According to the European Space Agency, a satellite in LEO “is normally at an altitude of less than 1,000 km (3,280,837 ft) but could be as low as 160 km (524,934 ft) above Earth.” At that altitude, even in the lowest bounds, a sensor becomes significantly more vulnerable to electromagnetic interference from space.
According to the National Oceanic and Atmospheric Administration (NOAA), the stratosphere, which is where the Chinese surveillance balloon was flying, extends “around 31 miles (50 km; 164,042 ft) down to anywhere from 4 to 12 miles (6 to 20 km; 19,685 to 65,617 ft) above the Earth’s surface.” This far inside the atmosphere, even in the high altitudes of the stratosphere, a sensor is greatly protected from extraterrestrial electromagnetic interference, lowering the signal noise floor’s dBs by magnitudes and thus tremendously enhancing signal strength, clarity, and fidelity. Consequently, the major benefit of a stratospheric surveillance balloon is as a signals intelligence platform. It can much more easily collect data from the electromagnetic spectrum, intercepting radio communications and radar transmitter data with far higher fidelity.
So why did the military wait so long to shoot the balloon down?
The DoD’s statements that it did not want to endanger the public by shooting down a large object over populated areas is plausible, but also, sort-of not. The balloon’s flight path crossed large, very sparsely populated areas of the country. It could have been taken down several times over with little likely harm to the public.
Then why wait?
The U.S. military has some of the most sophisticated signals jamming faculties in the world. It is likely that the balloon’s path was covered by some sort of electronics countermeasures. It would go a long way to explaining why airports were shut down as the balloon passed overhead.
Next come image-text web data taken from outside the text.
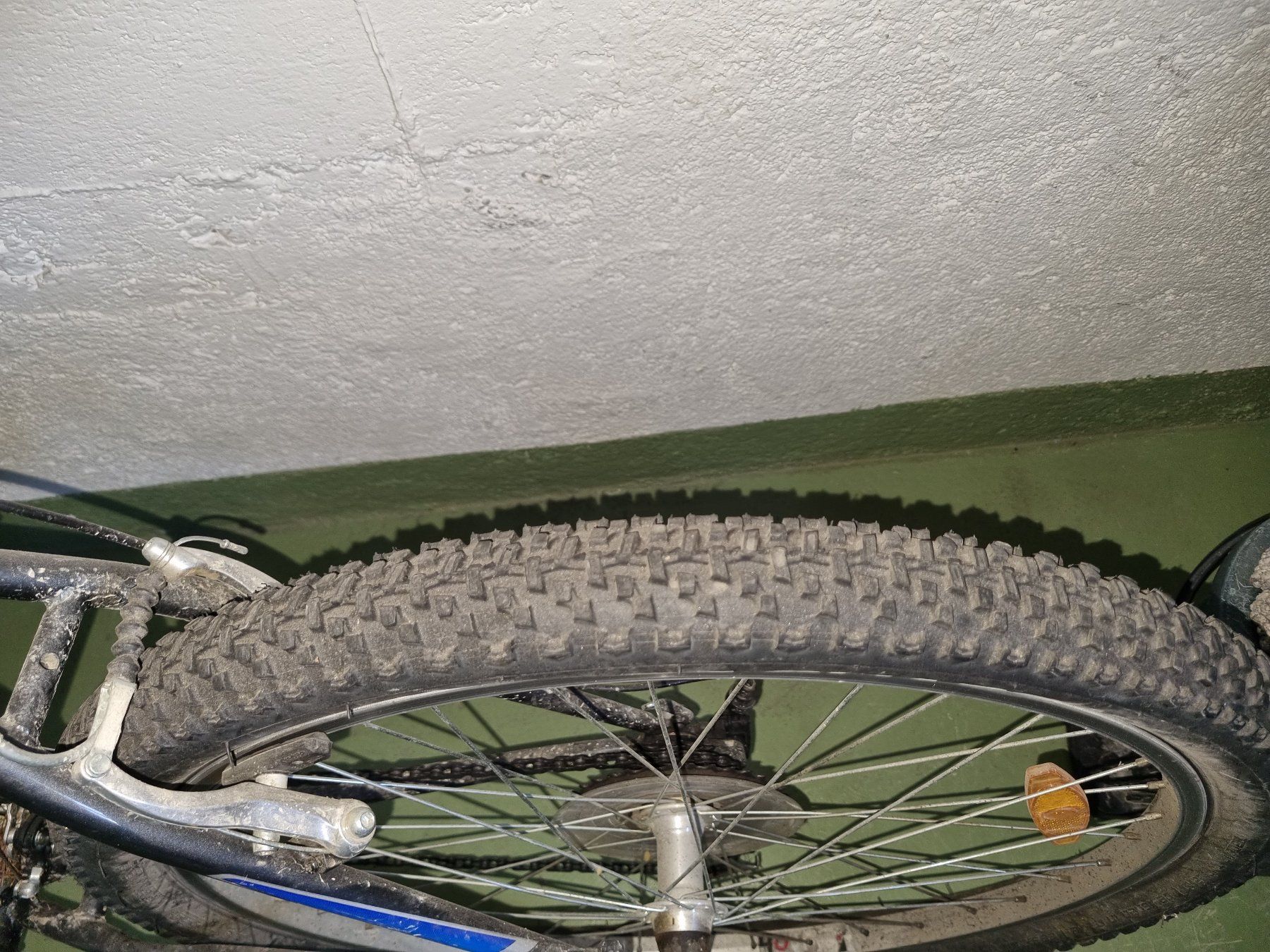 Scott Velos: Velo – Gebraucht aus St. Moritz von malenchi 1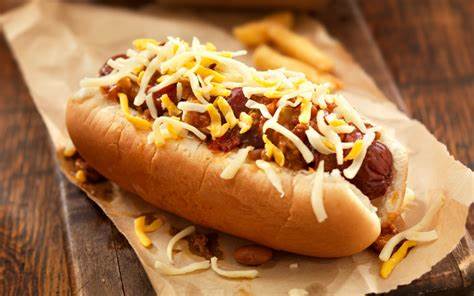 Nathan’s Specialty Dogs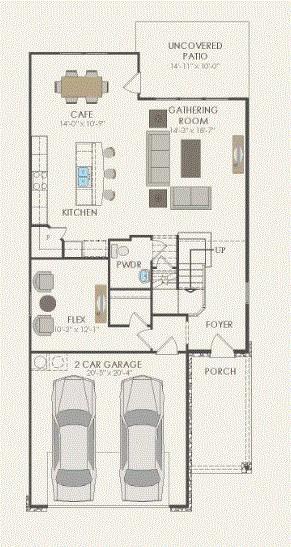 1800 Spring Mountain CV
Flying in the stratosphere, a balloon of this type poses essentially zero danger to most air traffic. Commercial air traffic cruises at approximately 31,000 to 38,000 feet (9.4 to 11.6 km), well below the typical reaches of the stratosphere. More likely, in these analysts’ minds, there were concerns about the integrity of the communications signals that civilian aircraft require for navigation in the modern era. Of course, it could have just been an abundance of caution on the part of U.S. air authorities.
However, even if the shutdown of airports was just a cautionary measure, the U.S. was likely capable of blocking some or all of the balloon’s beyond line-of-sight (BLOS) communications, negating its intelligence-transmitting capabilities. It is quite possible that the balloon, at least on China’s end, had to some extent gone radio silent, if not via its communication home, then likely through corruption of its sensor data. The U.S. could therefore wait for a better option to take down the balloon.
A better option? Take the balloon down in the U.S.’s offshore EEZ, where foreign actors could not claim the wreckage and where, falling to the water instead of land, the amount of damage to the balloon’s electronics would be minimized. By collecting the balloon’s remnants, the U.S. DoD would have a better opportunity to gather valuable intelligence about a rival’s electronics capabilities and potentially identify their purpose. It was not the only option, but it was likely the best one.
It can be effectively argued that anyone claiming that waiting to shoot down the balloon was not a good decision is underestimating the defensive electronics capabilities of the U.S. armed services and discounting the tremendous value of being able to safely collect and analyze a rival force’s surveillance assets.